I was going to modify this statement slightly: “should be able to do its job in a way that suggests it might consider it as a career when it grows up”, perhaps. But on this occasion no modification is needed: it is no longer a given that a government department should be able to do its job.
All the same, the news that the Department for Education has missed its target for secondary teacher trainee numbers by 40 per cent does cry out for the response: but you had one job.
That job, for avoidance of ambiguity, is surely to make sure that schools are able to function properly. Which means, again, for avoidance of ambiguity, particularly in the era of teachers paying for school toilet paper out of their own pockets – a teacher at the front of the class, pupils on chairs, a roof over their heads and tables that haven’t yet been burnt for firewood.
And yet the DfE appears to be falling at the first of these hurdles.

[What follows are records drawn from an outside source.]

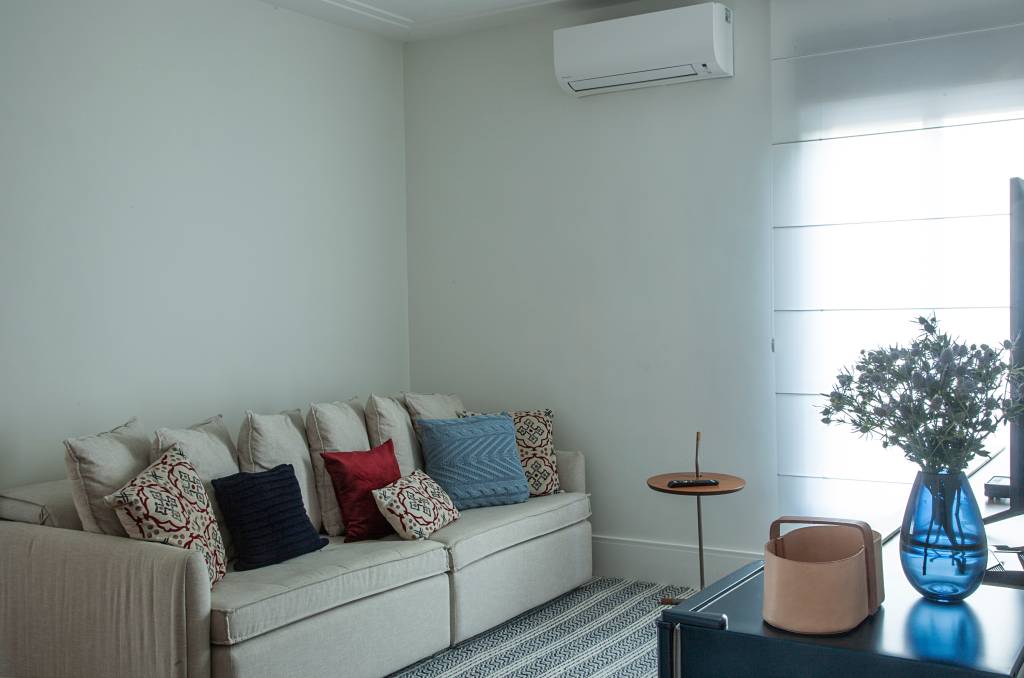 casa-tem-quarto-e-home-office-voltados-para-jardim-isabella-nalon-30 Sala íntima com sofá branco e tapete listrado; ar condicionado.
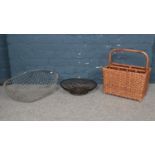 A group of three various baskets. To include a bamboo framed magazine rack, a wire basket and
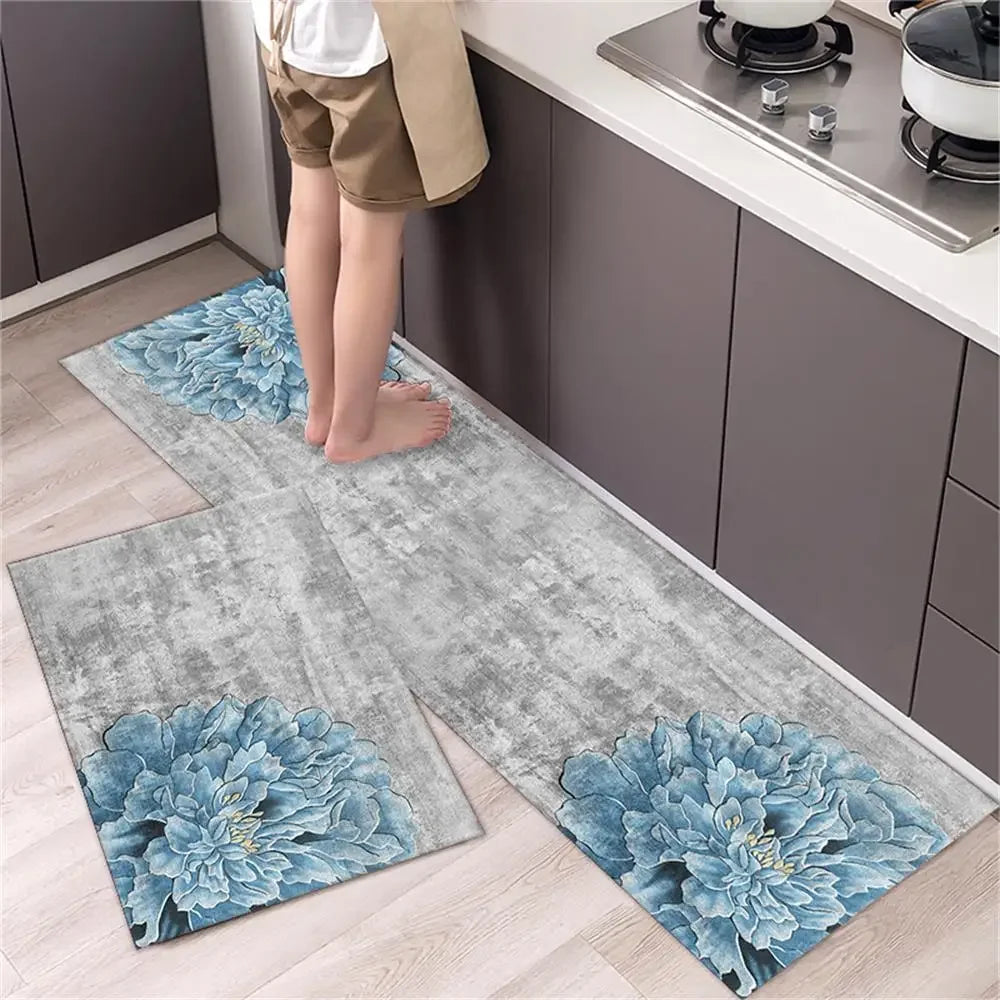 A set of two non-slip waterproof kitchen rugs with a diamond print placed on a light wood floor.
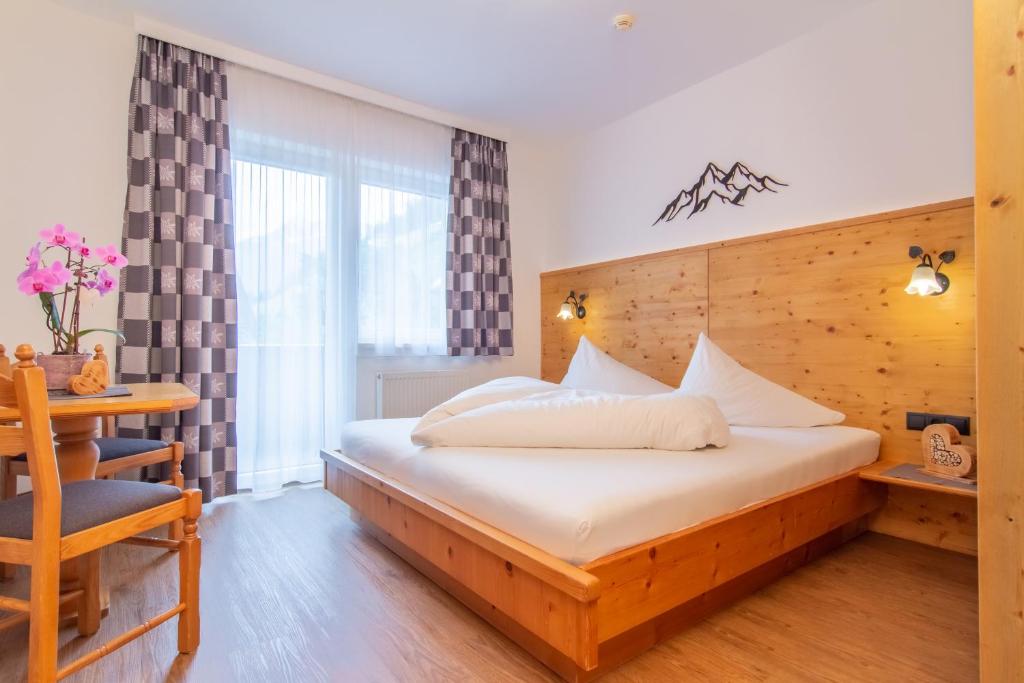 Postel nebo postele na pokoji v ubytování Pension am Rain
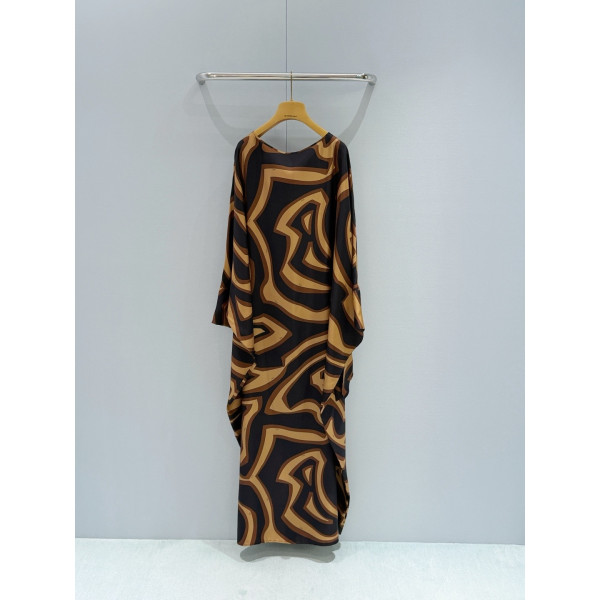 Pucci Silk Caftan Dress ✨ Crafted from premium 100% silk twill, adorned with black‑and‑gold Labirinto print. Features a roomy silhouette and cape‑style sleeves that tie at the wrists.  Size: One‑size‑fits‑all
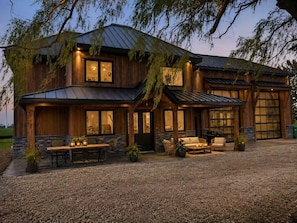 A two-story house with a covered patio, stone foundation, and large windows.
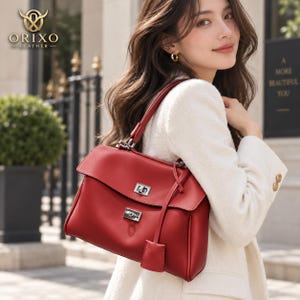 May include: A red leather handbag featuring a top handle, a fold-over flap with a silver-toned metal turn-lock closure, and a matching leather luggage tag hanging from the side. The ORIXO LEATHER logo is visible in the upper left corner.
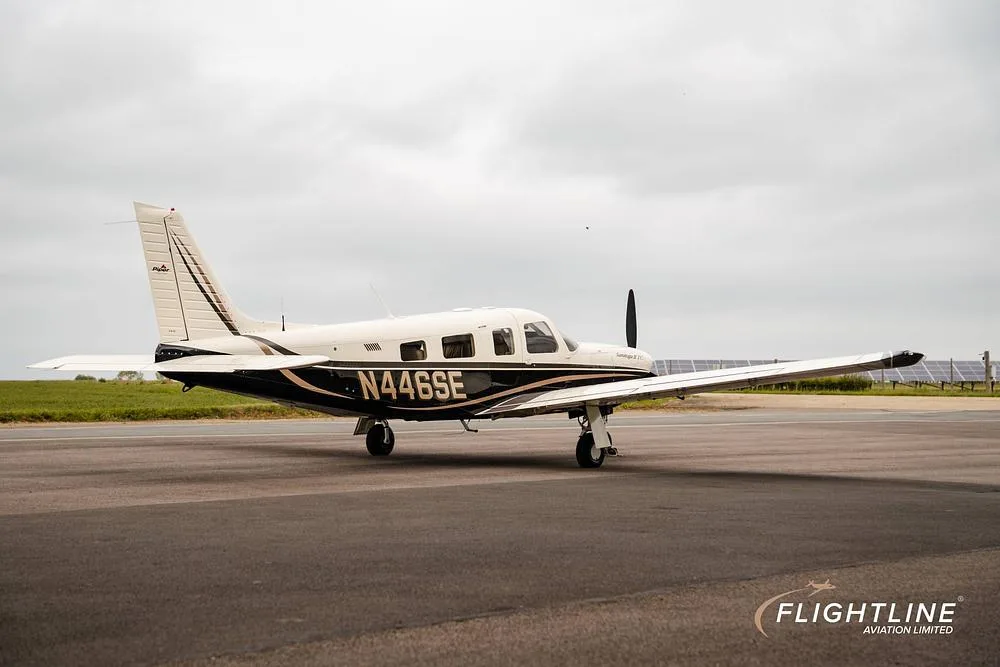 A white and black Piper Saratoga II TC, registration N446SE, parked on an asphalt runway with solar panels in the background.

It expected 20,945 secondary trainees to start their postgraduate initial teacher training this month. Instead, there are 12,490.
This may need spelling out, because Maths teachers are hard enough to come by already. It’s near half of the amount we need.

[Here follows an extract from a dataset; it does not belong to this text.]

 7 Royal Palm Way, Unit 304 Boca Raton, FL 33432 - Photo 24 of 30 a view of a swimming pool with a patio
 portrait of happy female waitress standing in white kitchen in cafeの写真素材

Some subjects are up to 55 per cent behind target, and there are particular problems in Physics and Computing. Overall, the number of secondary trainees accepted onto courses starting this month is 23 per cent below pandemic levels.

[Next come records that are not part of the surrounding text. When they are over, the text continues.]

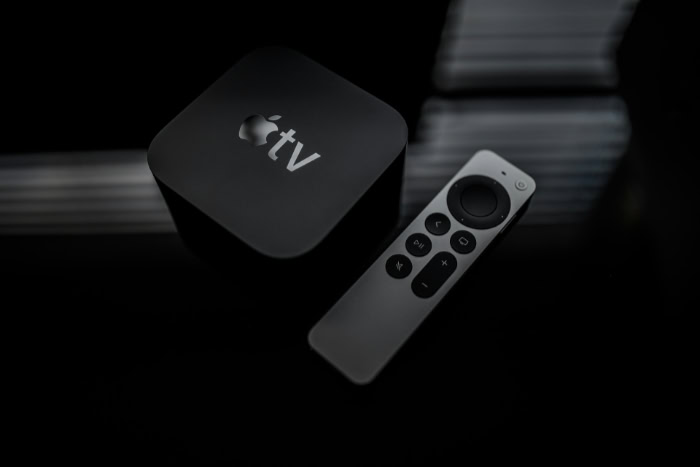 Apple TV 4K box and remote on reflective surface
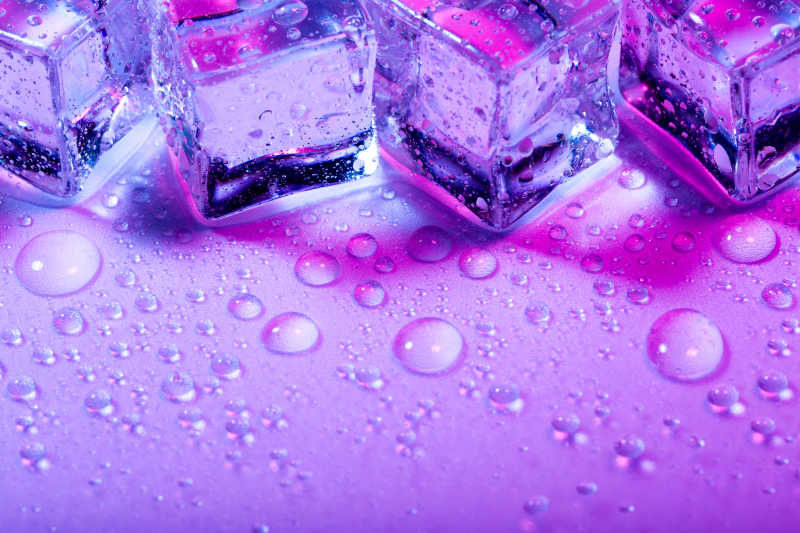 粉色背景下冰块和欢快明亮的水珠
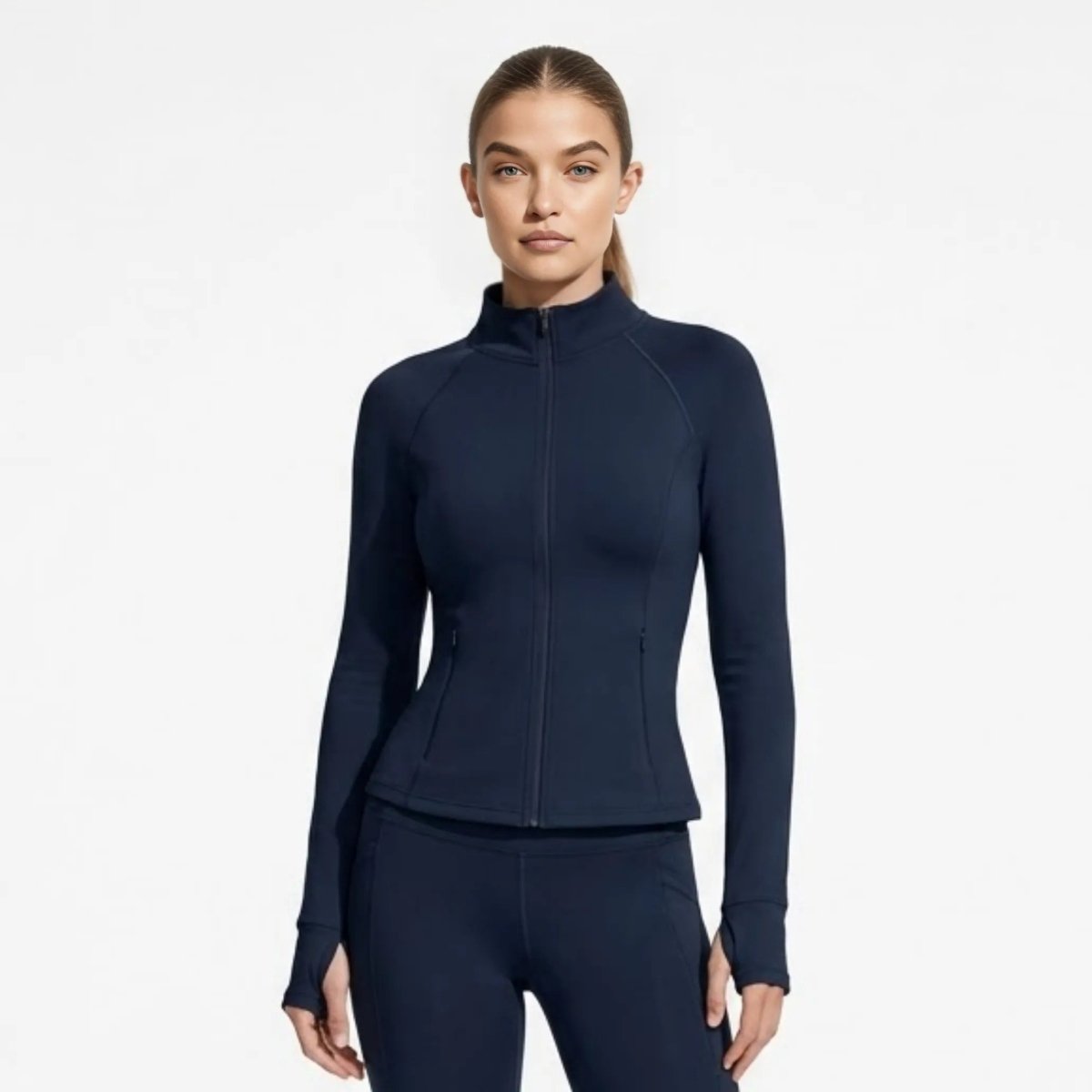 Woman wearing Kouvr premium navy blue full zip athletic jacket looking at camera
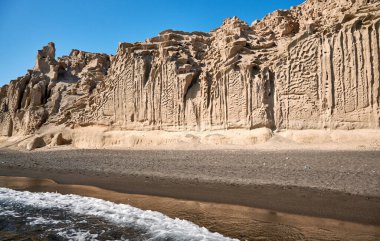 Santorini adasının güney ucundaki Vlychada sahilinde rüzgar ve deniz tarafından şekillendirilmiş yüksek beyaz uçurumlar, çakıl taşlarıyla karıştırılmış gri kum.
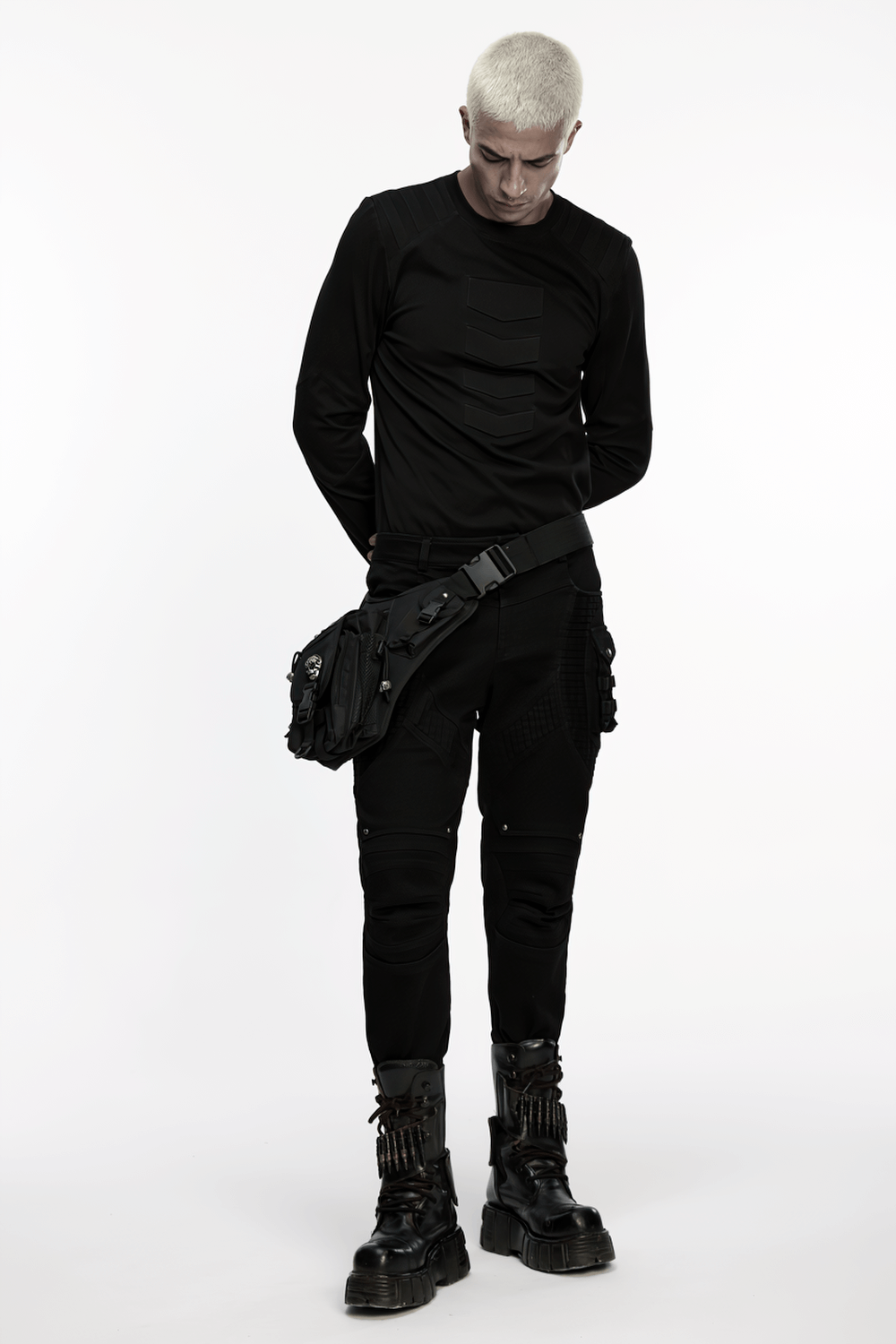 Model showcasing gothic skull waist-leg bag with rivet detailing, styled in punk techwear outfit.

Back in the olden days, a terrifying economic outlook tended to be good for teaching. A salary scale with built-in pay progression, a decent pension and minimal chance of redundancy all look rather appealing when times are tough.
Cue hollow laughter. If you’re not sure why, try Googling “public-sector pay” or “teachers’ pensions”. Or consider the fact that many headteachers are now facing a genuine choice between maintaining current staffing levels and heating their schools.
Or, as Mary Bousted, Joint General Secretary of the NEU teachers’ union put it: “Conditions, pay and school funding have so deteriorated that…many graduates are choosing not to enter.”
Still, it’s possibly just as well that there hasn’t been a sudden and dramatic influx of would-be teachers, because it’s not entirely clear that there would be anywhere to train them. Following the government’s review of initial teacher training, 99 ITT providers were accredited this week.
Added to the 80 providers accredited in round one of the process, this brings the total number of accredited providers to only 179. Last year, there were 240 ITT providers operating in England. This means once again, (where’s a Maths teacher when you need one?) that roughly only two-thirds of the providers previously operating are now accredited.
James Noble-Rogers, the chief executive of the Universities Council for the Education of Teachers, told Schoolsweek that he was concerned that “a number of high-quality, long-established and tried and tested ITE providers have not been successful.”
Though – giving the DfE the benefit of the doubt – perhaps it’s all part of a cunning plan to do away with qualified teacher status entirely. Maybe it wants to go back to the Victorian practice of having pupil-teachers deliver the lesson, thus freeing up teachers’ time to forage for firewood once all the desks have been burnt.
In the context of all this, the news that Geoff Barton, General Secretary of the Association of School and College Leaders, is to step down from his post three years early feels positively metaphoric.
Barton will step down in April 2024, having been re-elected last year for another five-year term.
It is a loss that many teachers will mourn. Geoff Barton’s career as a voice of sector sanity has earned him a special place in their hearts: in a fantasy DfE, he would be schools minister to Marcus Rashford’s education secretary. If Covid-era education were a film, he would have been the sharply suited Aaron Sorkin hero, striding purposefully down Leicester corridors and telling truth to power.
That said, he may perhaps have forgotten to put in the call to Aaron when composing his statement this week: “Over the next 18 months, it will be business as usual for me, and I look forward to continuing to work with the ASCL team.”
While it’s tempting to see his departure as another cloud in the gathering educational storm, perhaps it need not be so. A tiny glimmer of sunlight emerged at the Labour party conference this week, when shadow education secretary Bridget Phillipson announced that she would introduce fully-funded breakfast clubs for every primary school in England.
The clubs would be funded using the revenues raised by reinstating the top rate of income tax, were Labour to be elected.
Initially, teachers were concerned about how these clubs would be staffed. Would they be expected to work longer hours? There are barely enough teachers to go round as it is, and someone needs to forage for firewood.
Once Phillipson had clarified that the scheme would not be staffed by teachers, however, there was a palpable sense of relief. The current government has form in taking food away from poor children; it made a nice change to see a politician pledge to give them more.
It might even be enough to earn Bridget Phillipson a junior ministerial role in Marcus Rashford’s DfE. First item on the departmental agenda: can anyone find any spare teachers?